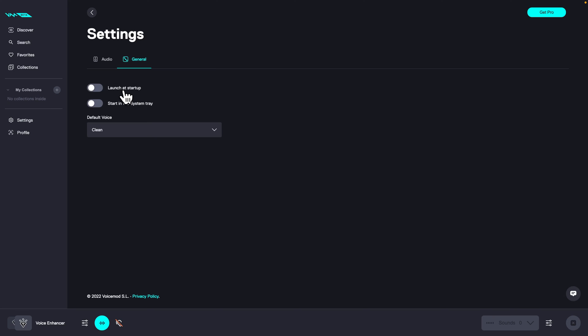And here you can set up launch at startup. So if you check this box VoiceMod will always launch at start of your PC, or you can start in the system tray.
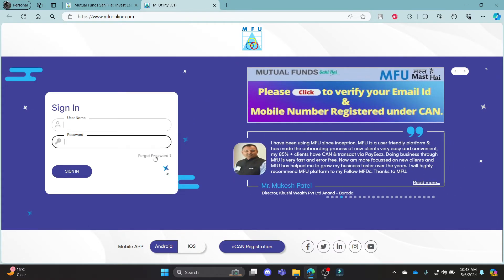If you have forgotten your password and want to reset it, this is the link for you to recover your password.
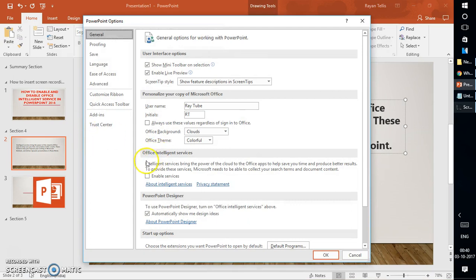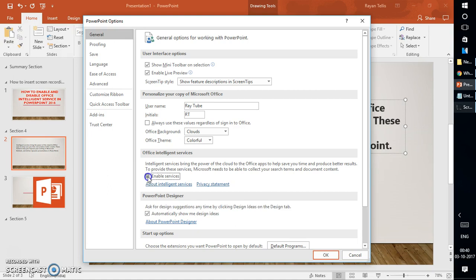Under Options, you have an option called Office Intelligent Service. If this box is unchecked, that means Office Intelligent Service has not been enabled on your Office 2016. So in order to enable it, you'll have to check this box and click OK.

EXERCISE. Pictures aside, the material must be written out word for word.

OUTPUT BELOW.
And here you can set up launch at startup. So if you check this box VoiceMod will always launch at start of your PC, or you can start in the system tray.
If you have forgotten your password and want to reset it, this is the link for you to recover your password.
Under Options, you have an option called Office Intelligent Service. If this box is unchecked, that means Office Intelligent Service has not been enabled on your Office 2016. So in order to enable it, you'll have to check this box and click OK.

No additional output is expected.